Turkey refuses overflight by Armenian plane: airline chief YEREVAN, Feb 3 (AFP) - Turkey has for the first time refused to let an Armenian passenger plane overfly its territory, the head of the Armenian airline involved said here Saturday. Armenian Airlines chief Stanislav Mkrtoumian told AFP the Turkish authorities had given no explanation for the refusal. The grounded plane, which was refused overflying rights on Friday, had been due to make a flight from the Armenian capital to Athens, he said. "The Turkish side gave no explanation," he added. Although the Turks had promised to let the plane leave on Saturday afternoon, it had remained on the tarmac at Yerevan, he said.
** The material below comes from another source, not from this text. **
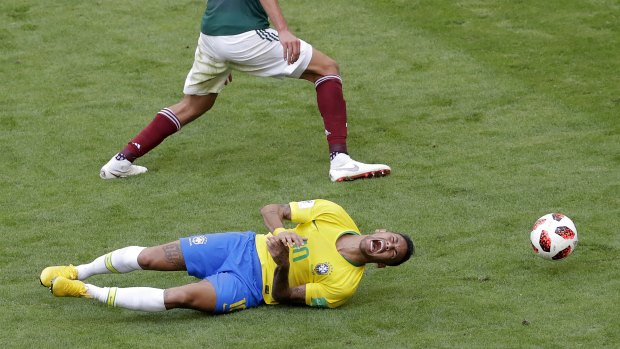 Too easy: Brazilian star Neymar hits the deck.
The plane was due late Saturday to take off for Athens after officials drew up a revised flight-path over the Black Sea, thus bypassing Turkish air space, a spokesman for the Armenian civil aviation authority told AFP. Tension between Armenia and Turkey has risen since January 18, when the lower house of the French parliament passed a bill recognizing as "genocide" the mass killings of ethnic Armenians in Turkey during World War II. French President Jacques Chirac officially passed the bill into law last Tuesday, sparking a wave of economic reprisals from Ankara, including the cancelling of lucrative contracts. This week, Armenian President Robert Kocharian said he was "satisfied" by the French vote, which has infuriated Turkey. The Armenian foreign ministry said it had had received no information from Ankara regarding the overflying problem. Turkey and Armenia do not have diplomatic relations. Armenians say that around 1.5 million of their countrymen died in massacres between 1915 and 1917 in what was then the Ottoman Empire.
Turkey maintains that the true figure is less than half a million,
and says that many Turks were also killed by Armenians.